Rhythm of Life
I hear it in the dishwasher as the water pours, swishes and drains. I hear it in the dryer cycle as the clothes tumble and buttons ping against the tub. I hear and feel it in the road as tires rolling beneath me hit cracks in the pavement to begin another measure. I feel it in my tongue moving in patterns against the roof of my mouth. I feel it in the tapping of keys under my fingers as I type. I smell it in the wafting scent of muffins down the hallway. It’s in my step as I walk through the shady neighborhood each morning with my spaniel clip-clopping at my side, her tags clinking in rhythm with her steps, double time to mine. I reset my rhythm to crow caw or chickadee. I witness it in ferncurl or fall’s first yellow mum, in fog sliding over the mountain or filling the river valley.
My heart is the source of this, the first beat and the last. It is against her rhythm that each moment of my life unfolds, whether I am aware or not, mostly I am not. The rhythm of life is always present. I can’t remember this all the time what with jobs to complete, dishes to wash, taxes to pay, love to give away and accept. But it’s always there when we arrive and when we leave: the rhythm of the heartbeat of life, the vibration of creation, breath, the pumping of blood that quickens or slows through every single moment of our lives.

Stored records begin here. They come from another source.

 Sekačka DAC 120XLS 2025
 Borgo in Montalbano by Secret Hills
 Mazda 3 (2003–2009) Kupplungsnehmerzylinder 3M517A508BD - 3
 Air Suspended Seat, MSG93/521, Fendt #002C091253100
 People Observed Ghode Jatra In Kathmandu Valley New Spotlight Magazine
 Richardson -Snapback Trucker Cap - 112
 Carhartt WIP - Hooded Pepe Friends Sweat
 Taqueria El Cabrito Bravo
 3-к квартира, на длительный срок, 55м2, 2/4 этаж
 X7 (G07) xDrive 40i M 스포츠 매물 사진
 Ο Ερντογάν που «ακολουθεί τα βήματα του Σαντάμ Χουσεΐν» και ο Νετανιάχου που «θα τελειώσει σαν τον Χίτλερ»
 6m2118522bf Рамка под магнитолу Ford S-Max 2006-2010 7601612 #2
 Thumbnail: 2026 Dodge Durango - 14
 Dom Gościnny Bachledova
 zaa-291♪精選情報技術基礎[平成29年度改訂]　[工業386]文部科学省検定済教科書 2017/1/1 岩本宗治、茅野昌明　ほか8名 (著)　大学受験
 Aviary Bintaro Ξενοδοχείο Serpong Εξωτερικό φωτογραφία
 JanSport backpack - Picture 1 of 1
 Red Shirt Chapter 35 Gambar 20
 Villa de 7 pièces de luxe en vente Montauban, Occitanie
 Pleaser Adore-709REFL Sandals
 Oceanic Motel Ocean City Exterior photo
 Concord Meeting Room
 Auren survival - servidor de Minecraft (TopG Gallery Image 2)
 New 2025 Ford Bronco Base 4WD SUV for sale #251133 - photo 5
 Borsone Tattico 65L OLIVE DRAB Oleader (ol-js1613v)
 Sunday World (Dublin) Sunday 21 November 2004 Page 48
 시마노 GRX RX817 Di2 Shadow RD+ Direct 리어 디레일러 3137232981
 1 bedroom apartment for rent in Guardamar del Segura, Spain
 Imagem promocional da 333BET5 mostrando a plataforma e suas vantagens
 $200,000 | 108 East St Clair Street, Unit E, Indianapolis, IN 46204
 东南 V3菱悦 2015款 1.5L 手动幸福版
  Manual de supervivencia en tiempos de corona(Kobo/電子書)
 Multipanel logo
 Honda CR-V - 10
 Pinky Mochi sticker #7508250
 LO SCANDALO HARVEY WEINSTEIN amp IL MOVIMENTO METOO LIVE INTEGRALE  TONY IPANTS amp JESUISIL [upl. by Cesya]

Perhaps this is why I love prayer. In the stillness when all else of my life falls away until there is only the dark or the light behind my eyes, I see nothing, hear only my breath but know more. My heart with its steady beat, my true self, is still enough to hear something beyond me, familiar and intimate, something that knows me, my life and all that is. In this moment, I am present. My heart blossoms, turns like the sunflower to the source within and without, the essence of all that is life and breath. Divine love surges through my veins, pulses in my heart with the rhythm of life.